Wenn ich meine Wirklichkeitswahrnehmung und die von Senua vergleiche, dann unterscheiden sie sich nur dadurch, dass meine Ängste keine akustische oder visuelle Gestalt annehmen. Meine Zweifel, Selbstvorwürfe und Unsicherheiten werden nicht zu fremden Stimmen, sondern ich nehme sie als Gedanken wahr. Auch erscheinen sie nicht als das, was man als Illusionen bezeichnen würde, sondern sie legen sich eher als geistige Schicht über die Dinge, die ich sehe. Meine Gefühle färben die Stimmung der Welt ein, prägen meine Beurteilung und meine Reaktion. Der Unterschied ist aber eigentlich nur, dass mir etwas als beängstigend erscheint, während für Senua die Angst eine Form findet und ihr als Dämon oder andere Bedrohung erscheint.

In beiden Wahrnehmungsformen ist die Angst aber da und für mich ist sie genauso Teil der Welt, wie für Senua, auch wenn sie nicht als loderndes Feuer oder Dämon daherkommt. Meine Wirklichkeit ist auf einer bestimmten Ebene auch ein Horror, während ich auf Tische, Wände, Häuser, Bäume, Menschen gucke, die andere wohl auch wahrnehmen.

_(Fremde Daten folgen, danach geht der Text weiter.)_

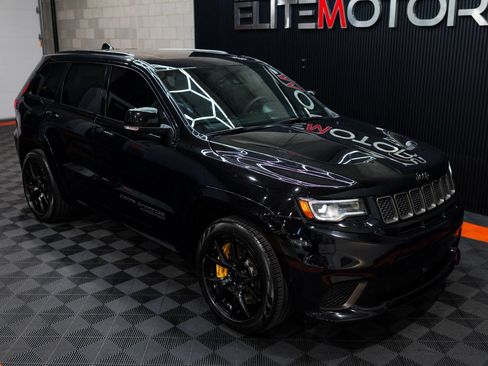 Used 2018 Jeep Grand Cherokee Trackhawk AWD/4WD image 8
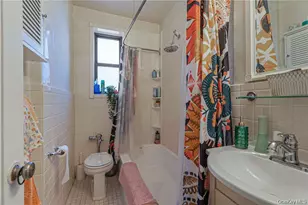 210 Martine Ave, White Plains, NY 10601 - Photo 10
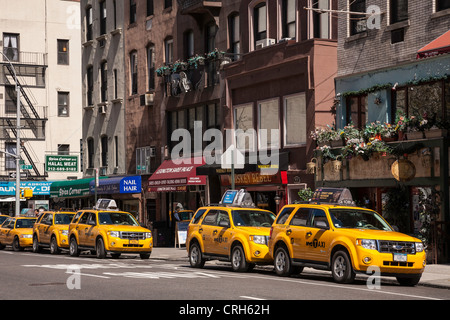 Les taxis sur Lexington Avenue ,Shop fronts, les entreprises indiennes, Murray Hill, NEW YORK Banque D'Images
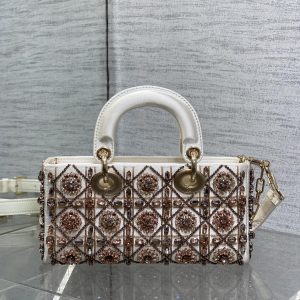 img_2b46f204_20241129_i1732850448_6229_2_jpg MINI 22 LADY BAG IN WHITE SATIN WITH COLORFUL EMBROIDERED BEADWORK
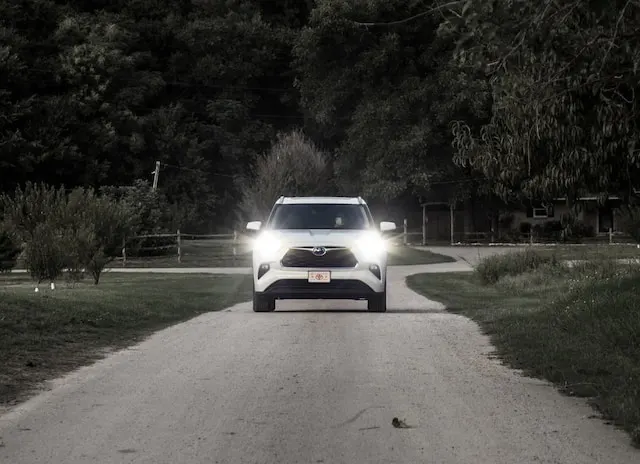 white toyota highlander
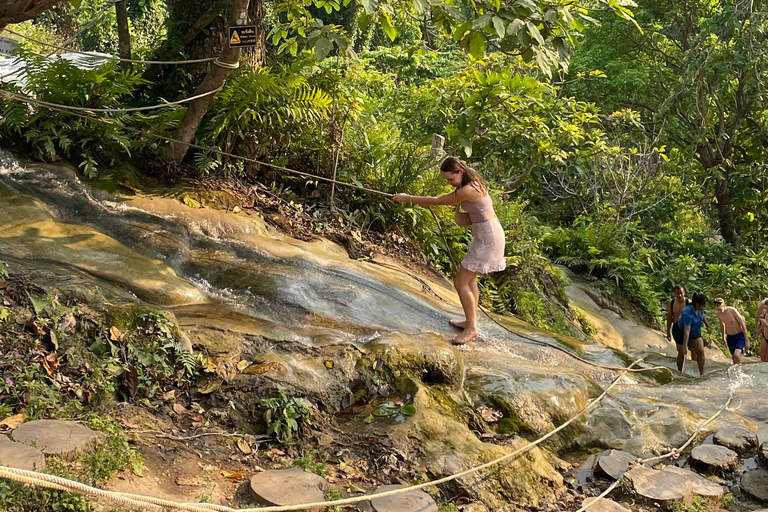 Sticky Waterfall Halbtagestour mit privatem AutoHalbtagestour Klebriger Wasserfall mit privatem Auto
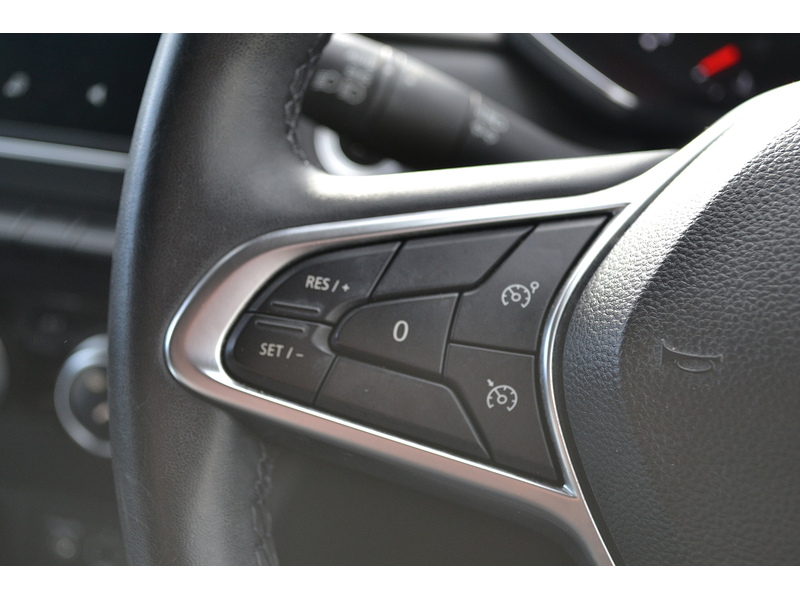 Renault 1.0 TCe Iconic SUV 5dr Petrol Manual Euro 6 (s/s) (90 ps)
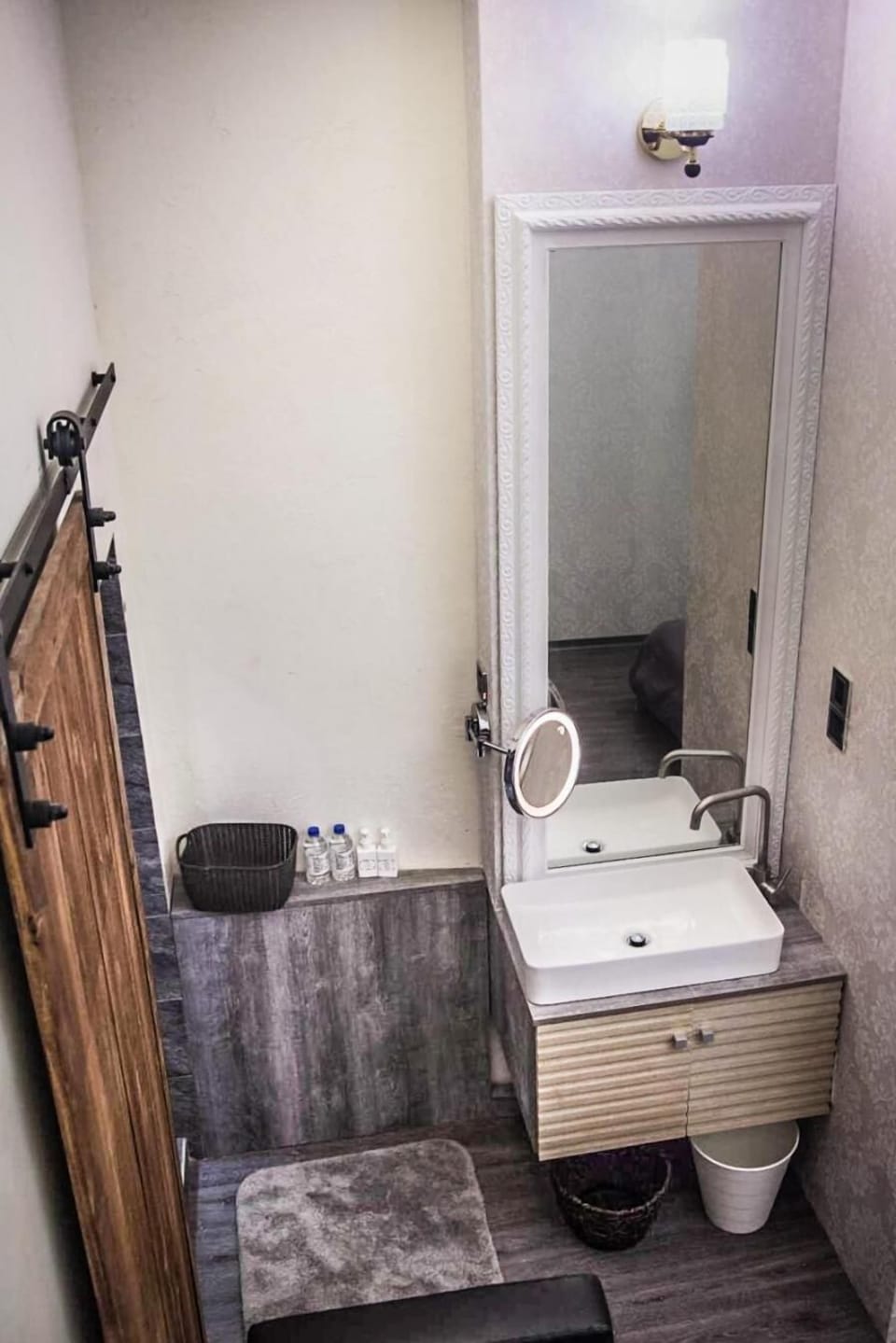 Summer Night Residence - Tainan City Bed & Breakfast 762 Bed and Breakfast in Kaohsiung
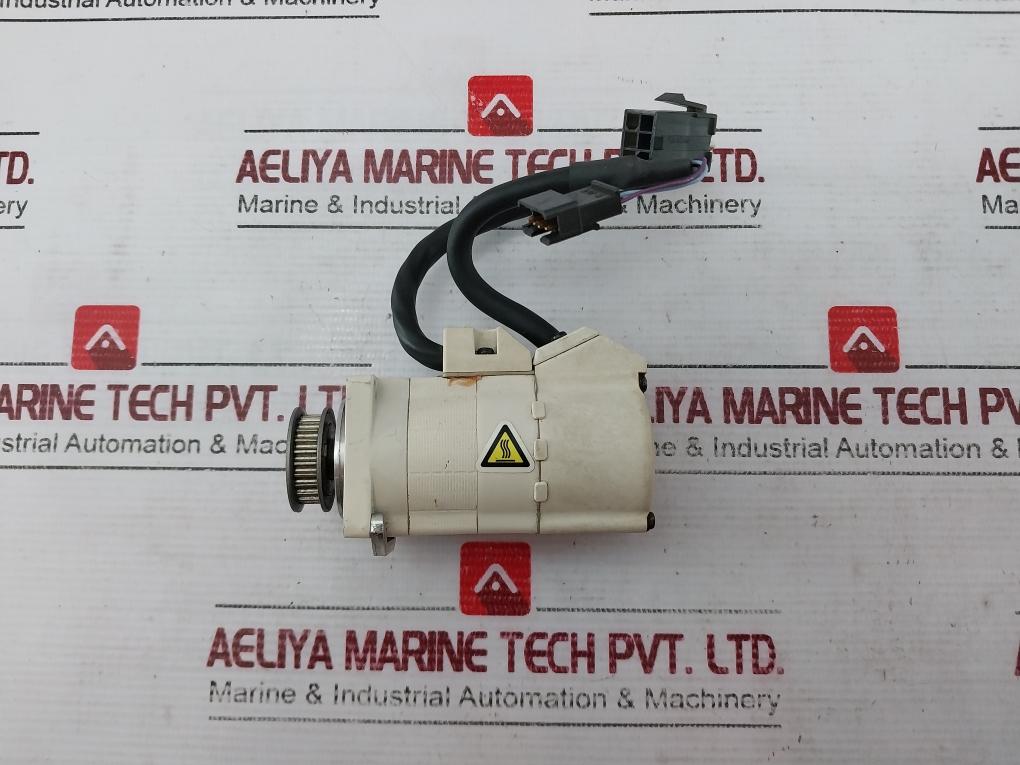 Denso 410622-1620 Servo Motor 10H10 Msma5Azt2U2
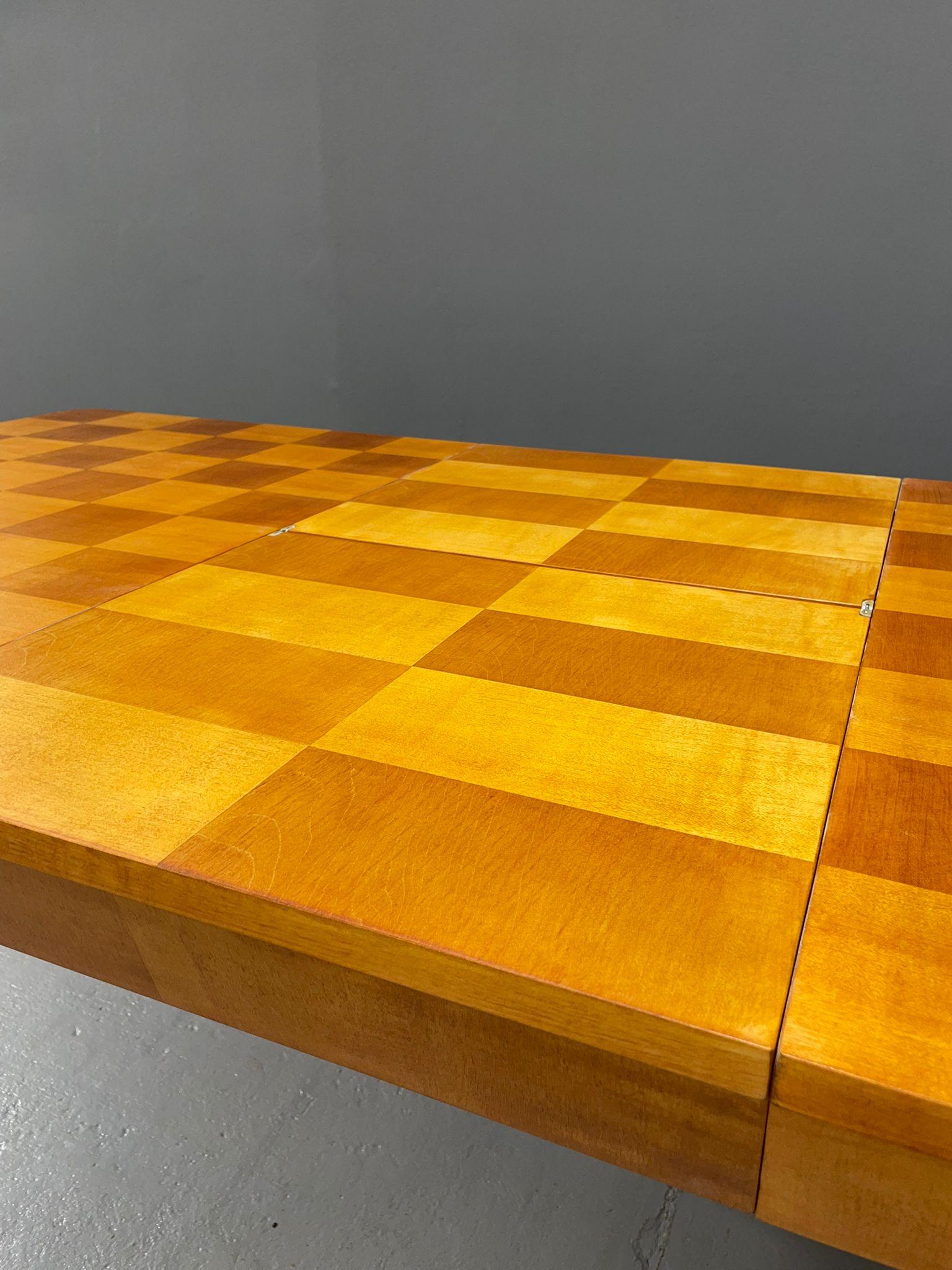 Vintage Czech Dining Table by Jindřich Halabala – Expandable, 1940s Mid-Century Excellent état - En vente à Prague 8, CZ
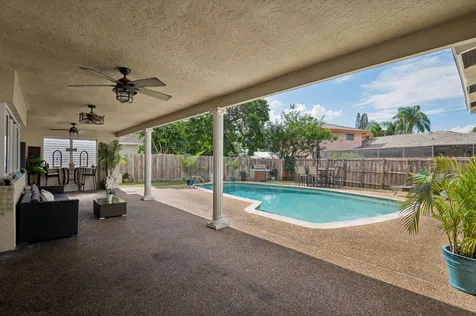 4601 W Hawthorne Circle Hollywood FL 33021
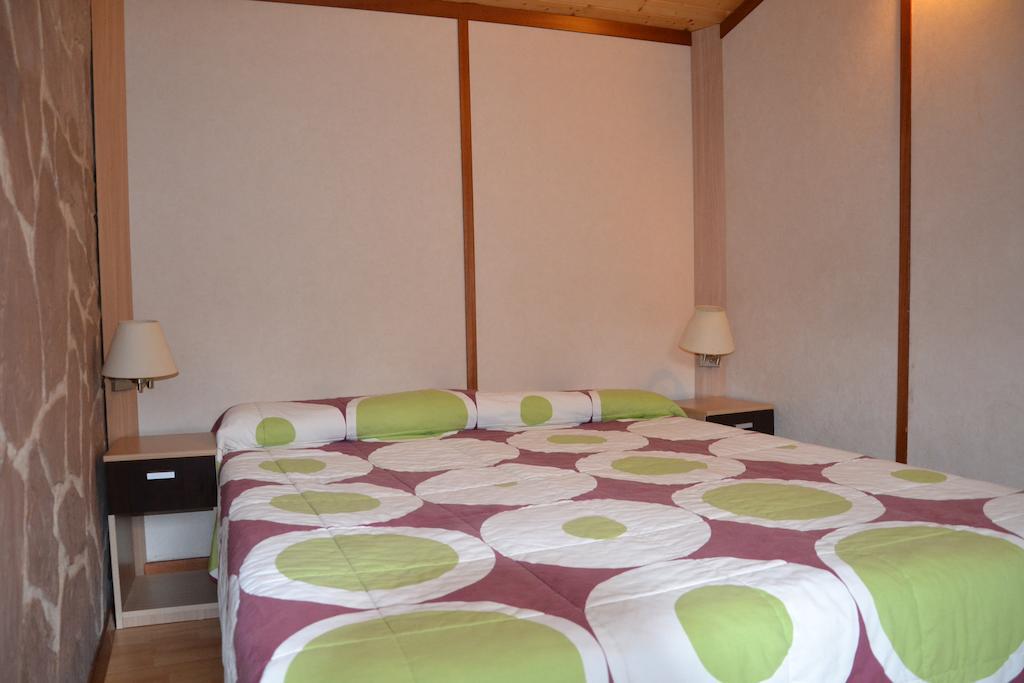 Camping Fuentes Blancas Burgo Chambre photo
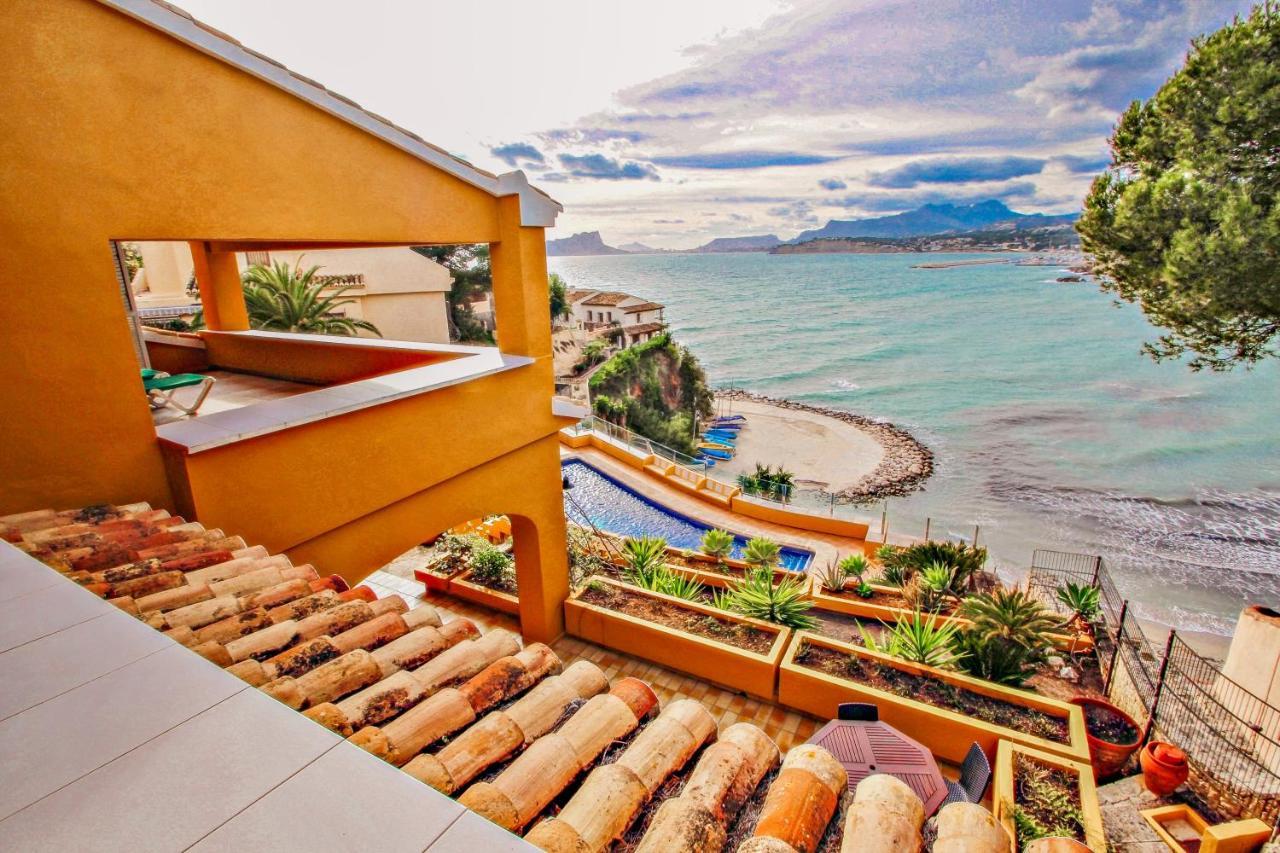 El Portet - Beachfront Holiday Home With Private Pool In Moraira Exterior photo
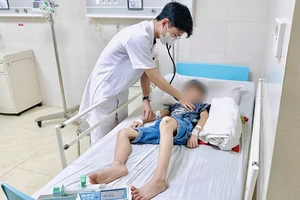 10 ngày điều trị tích cực cứu bé trai bị vỡ lách, mất nhiều máu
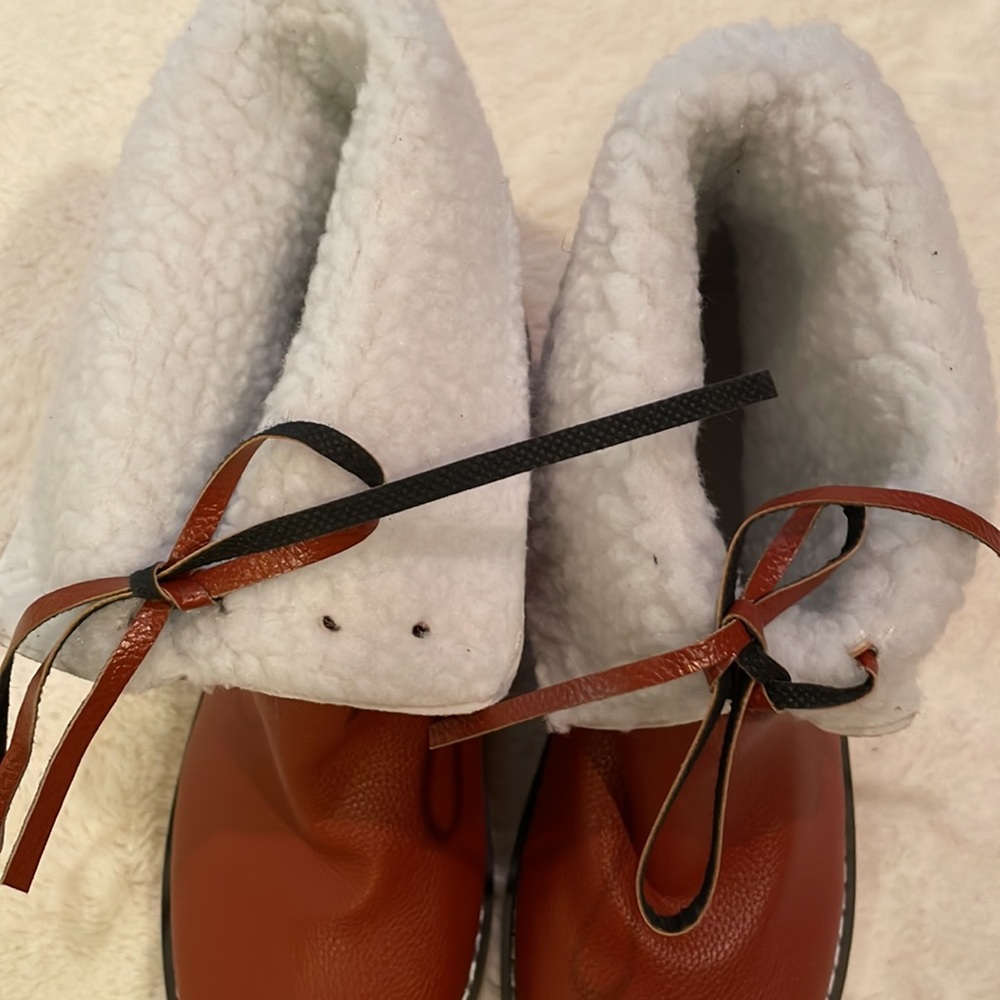 Boots** - Picture 6 of 7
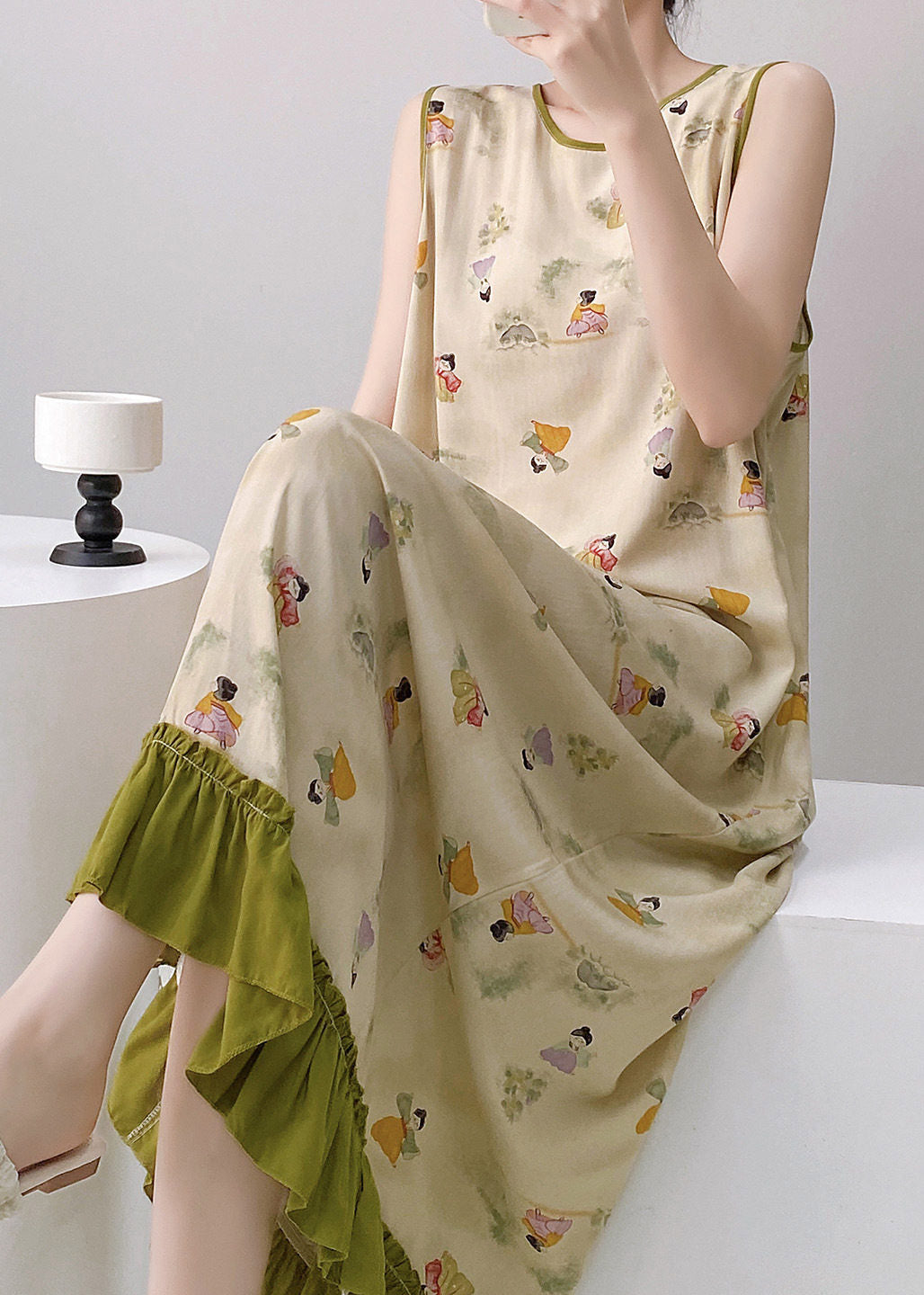Effortlessly Elegant Dress with a Timeless Design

Und ich bin davon überzeugt, dass andere Menschen zur selben Zeit einen anderen Horror in der Welt sehen könnten. Was man sieht und wie intensiv, das hängt einfach vom eigenen Trauma ab. Dem Menschen mit Psychose aber sagt man, er*sie nähme Dinge wahr, die in Wirklichkeit nicht da wären. Warum sagt man das nicht über Menschen, die in Klimaaktivist*innen eine Bedrohung sehen, über die, die in der Ukraine Nazis in der Regierung sehen oder die, die an eine unsichtbare Hand des Marktes glauben, als wäre das eine göttliche Kraft?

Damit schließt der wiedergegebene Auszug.